Four Tips for Re-Thinking Your To-Do List for Greater Productivity

‘Tis the season to be busy. At this time of year, my to-do list makes me hyperventilate. Fear not. I have some tips that can help you minimize stress and get more done.

Tip #1: Start With Something You Like

Put something you like to do at the top of your to-do list. When you start off your day with something you enjoy, it can help motivate you to action. I often find that when I start my day with something pleasant, my attitude is much better and I’m more willing to dive into icky tasks like cleaning the bathroom.

Tip #2: Shorten Your List

Yes, that’s what I said. Choose the three most important items for the day. Write them on a piece of paper, whiteboard or sticky note, whatever works for you—but make sure there is a physical reminder of what your priorities for the day are. These items are your do-or-die items, the I-will-not-go-to-sleep-tonight-until-these-are-done items.

By selecting only three tasks (instead of 10? 15? 25?), you help your brain focus and eliminate some of the stress that goes with trying to keep so many tasks in mind at once. Being laser focused can help you quickly reject tasks that are not on the list and make space for the ones that really matter for today.

Before you scoff, give it a try and see what happens to your ability to concentrate. I’ve found that this works especially well on weekends when there are 15-20 things I’ve told myself I “should” do, but I’ve given zero thought about what’s important or how realistic the ever-growing list is.
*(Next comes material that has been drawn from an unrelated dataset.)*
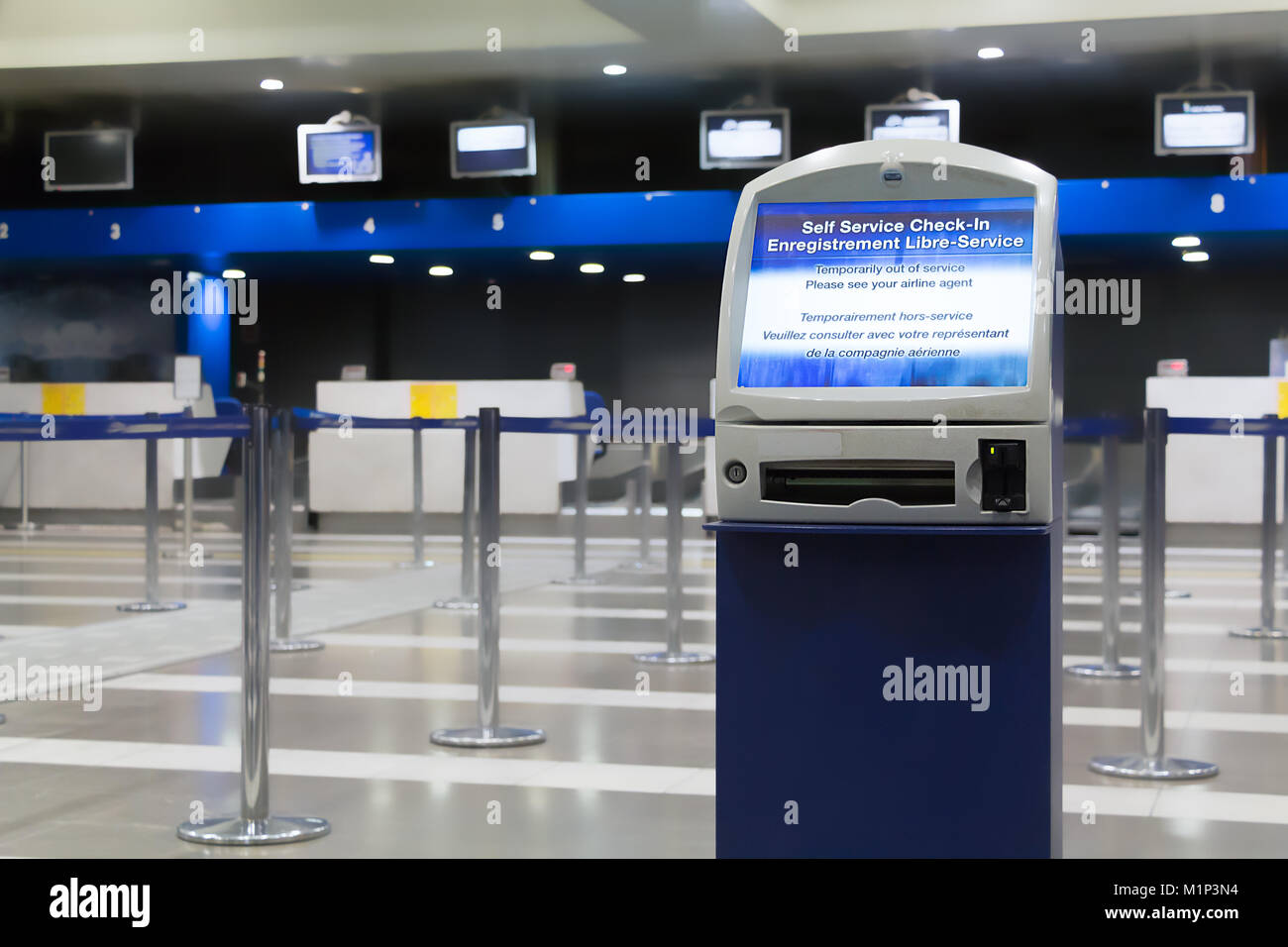 Eine automatische Check-in-Automaten aus Service am Check-in-Schalter im Inneren eine griechische Flughafen. Stockfoto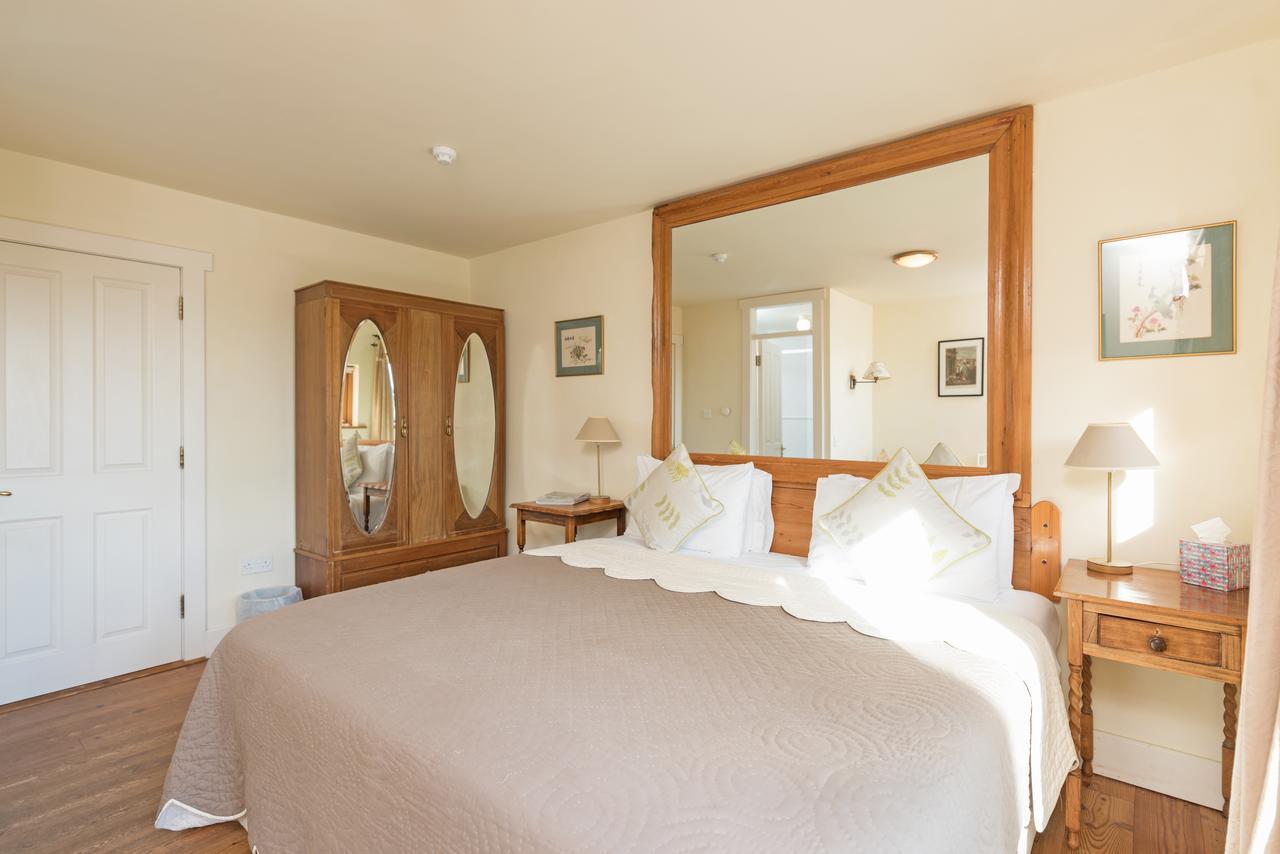 Dolphin Beach House Hotel Clifden Eksteriør billede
For some reason, having only three items on the list makes it easier to hunker down and get started—and getting started always seems to be the hardest part. In fact, I usually get done when there are only three items on my list.

Tip #3: Examine the Thoughts Behind the Tasks

Our thoughts determine how we feel and respond to situations, so if you feel overwhelmed by your task list, take a look at the thoughts you have attached to each task. So, step one would look like this:

Task Thoughts About the Task

Go ahead and brain dump onto paper to get all the stuff swimming in your head out. Once you’ve unloaded, step two is to you can come up with a different thought about each task that is more positive than the Debbie-downer thinking.

Simply getting the task and thoughts out of your head and onto paper can help you detach and see the tricks your mind is playing on you. I did this exercise the other day and it helped me realize all the negative crap I was telling myself, e.g., “This is going to take forever. I’ll never get it done today. It’s going to be really hard to get a hold of people and get everything organized.”

After reading through all those Debbie-downer thoughts parading through my brain, no wonder I didn’t want to do the tasks. Who would?

But I had to laugh at myself. There was no way each task on my list could be nearly as horrible as my brain was telling me it was. So for each task, I replaced my Debbie-downer thought with something more positive, but still believable, like, “Maybe it won’t take as long as I think. This could actually be fun to. Maybe it won’t be hard…”

As a result of trying on a new thought, my attitude about the task shifted. I also prioritized the tasks (see Tip #2) so that the list didn’t feel so long and daunting. Lo and behold, I got everything on the list done (plus some!) with vim and vigor instead of drama and angst.

Tip #4: Connect Your Tasks to a Core Value

Sometimes what can stop our forward progress is that the task in front of us seems pointless. One way to overcome task inertia is to explore these questions:

  • Why am I doing this task?

  • What value will I be honoring?

While it may seem like a simple question, the truth is that most of us go blindly through our days doing things we “have” to do without thinking about the reasons why. If you don’t know why you’re doing the task or what value it’s honoring, dig a little deeper to see why it’s on your list in the first place. If it’s not important and you don’t know why you’re doing it, ditch it! If you like your reason why and can connect it to a core value, then it might be easier to go for it.

  • What are the likely consequences of not doing the task?

Remember, you can always choose not to do the task. Sometimes, simply realizing we still have a choice can help motivate us.

  • Whose approval am I trying to gain? Asking this question can help you determine whether you are trying to please yourself or someone else. And if you’re trying to please someone else, are you sure this task is really the way to do it? Some of us often take on tasks we believe will please another person, only to find out that our efforts go unnoticed. Make sure you understand the real reason you’re doing the task, and if it’s to please someone else, you better be sure it’s something they want done.

  • By avoiding the task, what else am I avoiding?

There are generally two reasons we don’t do things: we don’t know how or we have some belief about it that causes fear. So, ask yourself whether you have all the information you need or if you need to be taught. Find a helpful resource if you don’t know how to do something. On the other hand, if you’ve attached a belief to the task, e.g., “I suck at this,” then you’re not likely to improve or even try. Instead, you could see what it’s like to tell yourself, “I’m figuring this out” or “I’m learning something new.” How does a different thought impact your motivation?

Do you have tips of your own? I’d love to hear what works for you when it comes to tackling your to-do list.